Exercise:
Retype each line below without a single alteration.

── Information given

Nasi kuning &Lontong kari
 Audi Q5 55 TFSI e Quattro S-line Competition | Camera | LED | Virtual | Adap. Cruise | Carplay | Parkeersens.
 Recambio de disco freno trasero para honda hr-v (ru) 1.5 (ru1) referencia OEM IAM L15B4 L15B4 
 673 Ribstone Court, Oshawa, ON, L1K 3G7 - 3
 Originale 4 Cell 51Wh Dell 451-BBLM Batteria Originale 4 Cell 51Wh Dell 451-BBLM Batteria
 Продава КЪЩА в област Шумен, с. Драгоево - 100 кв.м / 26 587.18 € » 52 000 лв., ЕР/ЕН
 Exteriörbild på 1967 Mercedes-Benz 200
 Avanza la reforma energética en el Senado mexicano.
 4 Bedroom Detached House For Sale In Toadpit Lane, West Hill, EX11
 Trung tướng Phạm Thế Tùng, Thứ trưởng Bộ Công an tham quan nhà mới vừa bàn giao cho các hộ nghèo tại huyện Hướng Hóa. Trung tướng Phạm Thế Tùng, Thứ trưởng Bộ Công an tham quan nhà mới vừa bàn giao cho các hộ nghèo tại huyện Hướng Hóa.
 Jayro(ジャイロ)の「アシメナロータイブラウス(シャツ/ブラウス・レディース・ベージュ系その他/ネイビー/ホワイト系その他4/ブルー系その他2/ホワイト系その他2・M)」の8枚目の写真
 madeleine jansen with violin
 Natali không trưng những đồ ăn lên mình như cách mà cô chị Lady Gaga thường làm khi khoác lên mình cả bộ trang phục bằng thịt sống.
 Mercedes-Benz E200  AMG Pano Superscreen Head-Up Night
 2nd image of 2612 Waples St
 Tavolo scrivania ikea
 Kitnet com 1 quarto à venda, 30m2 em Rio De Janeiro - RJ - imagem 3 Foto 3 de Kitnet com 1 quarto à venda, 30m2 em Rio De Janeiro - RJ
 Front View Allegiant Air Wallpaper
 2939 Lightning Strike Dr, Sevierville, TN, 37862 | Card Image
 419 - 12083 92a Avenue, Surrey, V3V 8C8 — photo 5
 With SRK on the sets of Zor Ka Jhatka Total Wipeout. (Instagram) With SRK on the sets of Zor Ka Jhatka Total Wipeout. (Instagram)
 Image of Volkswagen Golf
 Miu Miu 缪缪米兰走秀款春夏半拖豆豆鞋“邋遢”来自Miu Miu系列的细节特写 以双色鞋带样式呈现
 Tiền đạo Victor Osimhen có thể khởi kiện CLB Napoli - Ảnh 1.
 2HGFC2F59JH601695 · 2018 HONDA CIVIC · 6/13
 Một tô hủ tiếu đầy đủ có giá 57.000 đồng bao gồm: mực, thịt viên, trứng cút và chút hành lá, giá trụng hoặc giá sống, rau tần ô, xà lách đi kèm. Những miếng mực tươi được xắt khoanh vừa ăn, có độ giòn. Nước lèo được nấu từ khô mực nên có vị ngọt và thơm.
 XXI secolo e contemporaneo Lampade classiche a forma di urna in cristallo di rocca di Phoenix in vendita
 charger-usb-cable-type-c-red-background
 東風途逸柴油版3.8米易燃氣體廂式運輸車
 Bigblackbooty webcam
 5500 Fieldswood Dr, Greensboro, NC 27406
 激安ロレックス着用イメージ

────

Output for this exercise:
Nasi kuning &Lontong kari
 Audi Q5 55 TFSI e Quattro S-line Competition | Camera | LED | Virtual | Adap. Cruise | Carplay | Parkeersens.
 Recambio de disco freno trasero para honda hr-v (ru) 1.5 (ru1) referencia OEM IAM L15B4 L15B4 
 673 Ribstone Court, Oshawa, ON, L1K 3G7 - 3
 Originale 4 Cell 51Wh Dell 451-BBLM Batteria Originale 4 Cell 51Wh Dell 451-BBLM Batteria
 Продава КЪЩА в област Шумен, с. Драгоево - 100 кв.м / 26 587.18 € » 52 000 лв., ЕР/ЕН
 Exteriörbild på 1967 Mercedes-Benz 200
 Avanza la reforma energética en el Senado mexicano.
 4 Bedroom Detached House For Sale In Toadpit Lane, West Hill, EX11
 Trung tướng Phạm Thế Tùng, Thứ trưởng Bộ Công an tham quan nhà mới vừa bàn giao cho các hộ nghèo tại huyện Hướng Hóa. Trung tướng Phạm Thế Tùng, Thứ trưởng Bộ Công an tham quan nhà mới vừa bàn giao cho các hộ nghèo tại huyện Hướng Hóa.
 Jayro(ジャイロ)の「アシメナロータイブラウス(シャツ/ブラウス・レディース・ベージュ系その他/ネイビー/ホワイト系その他4/ブルー系その他2/ホワイト系その他2・M)」の8枚目の写真
 madeleine jansen with violin
 Natali không trưng những đồ ăn lên mình như cách mà cô chị Lady Gaga thường làm khi khoác lên mình cả bộ trang phục bằng thịt sống.
 Mercedes-Benz E200  AMG Pano Superscreen Head-Up Night
 2nd image of 2612 Waples St
 Tavolo scrivania ikea
 Kitnet com 1 quarto à venda, 30m2 em Rio De Janeiro - RJ - imagem 3 Foto 3 de Kitnet com 1 quarto à venda, 30m2 em Rio De Janeiro - RJ
 Front View Allegiant Air Wallpaper
 2939 Lightning Strike Dr, Sevierville, TN, 37862 | Card Image
 419 - 12083 92a Avenue, Surrey, V3V 8C8 — photo 5
 With SRK on the sets of Zor Ka Jhatka Total Wipeout. (Instagram) With SRK on the sets of Zor Ka Jhatka Total Wipeout. (Instagram)
 Image of Volkswagen Golf
 Miu Miu 缪缪米兰走秀款春夏半拖豆豆鞋“邋遢”来自Miu Miu系列的细节特写 以双色鞋带样式呈现
 Tiền đạo Victor Osimhen có thể khởi kiện CLB Napoli - Ảnh 1.
 2HGFC2F59JH601695 · 2018 HONDA CIVIC · 6/13
 Một tô hủ tiếu đầy đủ có giá 57.000 đồng bao gồm: mực, thịt viên, trứng cút và chút hành lá, giá trụng hoặc giá sống, rau tần ô, xà lách đi kèm. Những miếng mực tươi được xắt khoanh vừa ăn, có độ giòn. Nước lèo được nấu từ khô mực nên có vị ngọt và thơm.
 XXI secolo e contemporaneo Lampade classiche a forma di urna in cristallo di rocca di Phoenix in vendita
 charger-usb-cable-type-c-red-background
 東風途逸柴油版3.8米易燃氣體廂式運輸車
 Bigblackbooty webcam
 5500 Fieldswood Dr, Greensboro, NC 27406
 激安ロレックス着用イメージ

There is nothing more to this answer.